Pour éviter que la société civile ne se transforme en western, où règnent l’anarchie et les fausses croyances, le gérant doit maîtriser les règles inhérentes au compte courant d’associé et les faire respecter. En la matière, mieux vaut être shérif que hors-la-loi.

Par Julien Trokiner, notaire associé de 1768 Notaires.

Dans le cadre d’un investissement immobilier familial, il est très fréquent que parents et enfants constituent ensemble une société civile. La tentation est alors grande pour les parents de définir un capital social d’un montant symbolique, permettant ainsi à leurs enfants d’obtenir un statut d’associé égalitaire, voire ultra-majoritaire.

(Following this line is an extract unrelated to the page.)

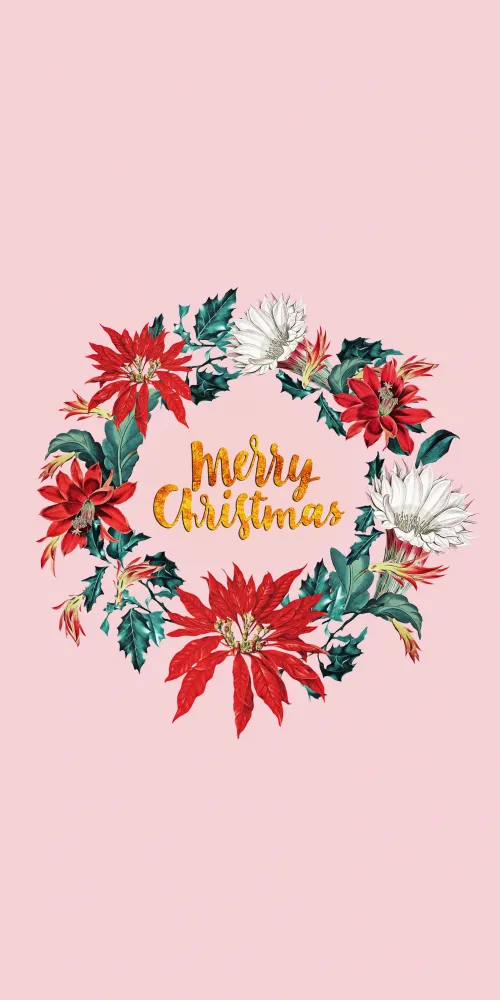 Merry Christmas, Pink background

La bonne «marche» du comptant «courant»

L’objectif à peine voilé consiste ici à leur transmettre, à terme, une richesse non négligeable, a fortiori si le bien immobilier s’apprécie dans le temps, le tout avec une imposition fiscale proche de zéro… et même « pour une poignée de dollars », répliqueront les cinéphiles du genre ! Cette technique n’est bien sûr pas dénuée de fondement quand elle s’adosse à un investissement locatif : le loyer espéré ayant vocation à autofinancer les mensualités du prêt bancaire sollicité pour l’occasion. À l’inverse, la flèche (« brisée ») risque de manquer sa cible lorsque les parents sont les principaux contributaires de l’opération. En effet, qu’il s’agisse de leur apport initial pour payer tout ou partie du prix au moment de l’achat, de leur financement direct de travaux au nom et pour le compte de la SCI, ou encore de leur paiement des mensualités bancaires au fil de l’eau, dans tous les cas – « rivière sans retour » – il y a mécaniquement création (ou abondement) d’un compte courant d’associé. Au strict sens comptable, et sauf remboursement, pas de marche arrière possible donc.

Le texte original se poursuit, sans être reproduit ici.